Ora il governo Monti - con la riforma del mercato del lavoro e la modifica dell'articolo 18 - vuole portare il paese nel lavoro nuovo. Il valore cardine è l'occupabilità che sostituisce e cambia il concetto di occupazione. Quest'ultima era pensata e serviva in un modello economico fordista-taylorista, per sua natura rigido e, se vogliamo, anche prevedibile (sempre all'interno dell'aleatorietà dell'economia). È un modello che è andato bene fino alla rivoluzione introdotta dalla globalizzazione. E nella stragrande maggioranza dei casi, prevedeva che il lavoratore entrasse in azienda ragazzino e ne uscisse da pensionato. In un simile percorso di lavoro si poteva anche prevedere con ragionevole certezza la progressione di carriera di ognuno.
Poi, l'economia è diventata globale. Per restare competitive sui mercati le nazioni più avanzate sono entrate nell'economia della conoscenza e della flessibilità che richiede alle aziende un assetto diverso, al quale si devono adattare tutte le componenti, lavoro compreso. In questo contesto, il modello del mercato del lavoro che sposa meglio le esigenze di flessibilità e produttività con la tutela dei lavoratori è la flexicurity scandinava.

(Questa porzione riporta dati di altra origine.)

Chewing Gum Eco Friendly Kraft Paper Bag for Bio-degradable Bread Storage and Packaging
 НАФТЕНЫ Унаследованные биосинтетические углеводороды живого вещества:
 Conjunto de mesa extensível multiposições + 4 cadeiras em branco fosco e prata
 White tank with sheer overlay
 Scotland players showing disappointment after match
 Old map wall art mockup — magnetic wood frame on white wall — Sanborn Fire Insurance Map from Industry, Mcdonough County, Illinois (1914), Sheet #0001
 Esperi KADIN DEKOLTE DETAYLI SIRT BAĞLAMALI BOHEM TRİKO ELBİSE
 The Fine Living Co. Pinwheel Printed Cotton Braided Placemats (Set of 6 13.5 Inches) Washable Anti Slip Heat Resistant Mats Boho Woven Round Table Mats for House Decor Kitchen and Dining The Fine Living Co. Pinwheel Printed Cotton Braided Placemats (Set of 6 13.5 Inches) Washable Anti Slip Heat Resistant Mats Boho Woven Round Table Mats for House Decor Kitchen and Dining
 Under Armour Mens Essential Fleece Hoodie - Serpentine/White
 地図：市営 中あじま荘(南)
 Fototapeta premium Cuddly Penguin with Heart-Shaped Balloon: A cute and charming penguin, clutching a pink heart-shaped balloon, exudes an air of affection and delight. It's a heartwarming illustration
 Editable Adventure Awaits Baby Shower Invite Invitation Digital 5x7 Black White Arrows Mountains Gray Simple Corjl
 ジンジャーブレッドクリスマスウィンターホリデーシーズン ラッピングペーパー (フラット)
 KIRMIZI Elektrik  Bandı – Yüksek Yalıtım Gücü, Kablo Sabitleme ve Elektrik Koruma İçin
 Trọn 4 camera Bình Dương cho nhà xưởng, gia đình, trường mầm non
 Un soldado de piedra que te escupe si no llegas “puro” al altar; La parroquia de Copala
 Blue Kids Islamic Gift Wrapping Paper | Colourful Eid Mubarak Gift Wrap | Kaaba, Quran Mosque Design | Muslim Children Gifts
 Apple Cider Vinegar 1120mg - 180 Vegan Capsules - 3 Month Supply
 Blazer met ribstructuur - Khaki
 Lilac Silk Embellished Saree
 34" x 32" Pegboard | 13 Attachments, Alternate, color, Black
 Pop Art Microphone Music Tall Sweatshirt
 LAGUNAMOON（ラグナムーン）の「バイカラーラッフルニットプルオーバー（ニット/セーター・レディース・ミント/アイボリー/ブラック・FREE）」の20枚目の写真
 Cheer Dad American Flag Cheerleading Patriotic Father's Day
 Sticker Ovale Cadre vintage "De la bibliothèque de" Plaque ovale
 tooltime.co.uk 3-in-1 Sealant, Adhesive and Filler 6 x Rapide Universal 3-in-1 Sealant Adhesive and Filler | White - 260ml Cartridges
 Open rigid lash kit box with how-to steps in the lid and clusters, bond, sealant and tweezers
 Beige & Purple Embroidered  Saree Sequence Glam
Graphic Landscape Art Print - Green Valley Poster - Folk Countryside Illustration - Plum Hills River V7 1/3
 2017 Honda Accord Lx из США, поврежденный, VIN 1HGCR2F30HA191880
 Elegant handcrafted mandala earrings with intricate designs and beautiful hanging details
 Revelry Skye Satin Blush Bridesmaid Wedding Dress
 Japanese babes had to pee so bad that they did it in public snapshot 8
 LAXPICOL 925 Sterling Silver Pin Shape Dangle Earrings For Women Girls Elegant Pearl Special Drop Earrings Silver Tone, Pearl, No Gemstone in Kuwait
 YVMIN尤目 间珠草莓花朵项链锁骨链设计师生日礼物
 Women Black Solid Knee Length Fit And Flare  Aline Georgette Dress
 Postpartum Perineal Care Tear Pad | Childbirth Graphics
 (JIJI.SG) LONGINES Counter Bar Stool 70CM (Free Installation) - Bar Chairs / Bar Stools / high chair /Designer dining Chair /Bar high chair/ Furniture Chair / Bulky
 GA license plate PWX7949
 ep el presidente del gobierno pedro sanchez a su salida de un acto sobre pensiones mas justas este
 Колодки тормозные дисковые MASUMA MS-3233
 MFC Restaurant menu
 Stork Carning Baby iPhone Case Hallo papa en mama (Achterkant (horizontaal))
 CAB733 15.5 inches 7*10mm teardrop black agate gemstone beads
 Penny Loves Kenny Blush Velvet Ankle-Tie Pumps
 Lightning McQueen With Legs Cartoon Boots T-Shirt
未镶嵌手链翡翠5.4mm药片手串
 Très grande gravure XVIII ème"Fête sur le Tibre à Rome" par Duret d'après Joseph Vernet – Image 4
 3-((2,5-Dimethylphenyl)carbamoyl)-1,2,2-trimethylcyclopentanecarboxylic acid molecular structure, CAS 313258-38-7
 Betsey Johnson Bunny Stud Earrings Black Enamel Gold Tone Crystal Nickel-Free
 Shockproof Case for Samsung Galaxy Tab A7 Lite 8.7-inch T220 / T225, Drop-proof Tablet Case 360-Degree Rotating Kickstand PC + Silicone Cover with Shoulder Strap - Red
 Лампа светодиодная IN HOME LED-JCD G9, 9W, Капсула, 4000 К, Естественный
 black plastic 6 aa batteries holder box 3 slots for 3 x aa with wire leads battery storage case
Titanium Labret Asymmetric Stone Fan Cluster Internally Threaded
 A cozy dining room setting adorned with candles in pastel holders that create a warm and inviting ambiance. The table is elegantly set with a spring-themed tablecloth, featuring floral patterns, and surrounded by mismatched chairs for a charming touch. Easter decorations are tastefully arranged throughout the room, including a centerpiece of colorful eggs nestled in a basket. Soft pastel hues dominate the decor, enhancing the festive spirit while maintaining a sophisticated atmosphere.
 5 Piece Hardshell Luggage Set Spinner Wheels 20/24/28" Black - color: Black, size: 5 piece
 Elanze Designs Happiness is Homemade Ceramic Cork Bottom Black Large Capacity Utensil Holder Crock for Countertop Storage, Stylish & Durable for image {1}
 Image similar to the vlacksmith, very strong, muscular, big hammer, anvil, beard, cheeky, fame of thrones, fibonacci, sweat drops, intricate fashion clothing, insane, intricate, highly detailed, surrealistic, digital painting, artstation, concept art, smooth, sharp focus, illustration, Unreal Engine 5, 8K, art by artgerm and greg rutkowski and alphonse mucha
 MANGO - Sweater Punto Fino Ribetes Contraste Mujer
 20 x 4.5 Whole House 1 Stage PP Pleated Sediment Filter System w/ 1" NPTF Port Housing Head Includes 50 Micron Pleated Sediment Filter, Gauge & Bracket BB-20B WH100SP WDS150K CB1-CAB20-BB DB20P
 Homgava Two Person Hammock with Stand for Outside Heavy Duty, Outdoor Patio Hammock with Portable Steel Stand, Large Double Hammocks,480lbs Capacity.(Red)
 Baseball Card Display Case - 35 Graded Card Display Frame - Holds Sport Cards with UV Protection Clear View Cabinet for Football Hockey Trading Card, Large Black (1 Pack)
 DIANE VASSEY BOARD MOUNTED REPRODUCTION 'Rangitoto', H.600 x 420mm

È un modello che si può copiare, ma il problema è la sua applicazione. La cultura economica e d'impresa italiana non è quella degli scandinavi. Quindi, per riuscire a rendere efficace anche in Italia la flexicurity tutti i soggetti devono superare diffidenze e pretese di rivalsa. E soprattutto bisogna introdurre un sistema di formazione continua per i lavoratori, che devono poter disporre di un bagaglio di competenze sempre aggiornato sulle esigenze del mercato e delle imprese. Solo così, i lavoratori nel momento in cui perdono un lavoro possono avere l'opportunità di trovarne un altro.
La domanda al momento senza risposta è: in Italia si riuscirà a costruire un sistema efficiente ed efficace (e non costruito su clientele) di formazione continua?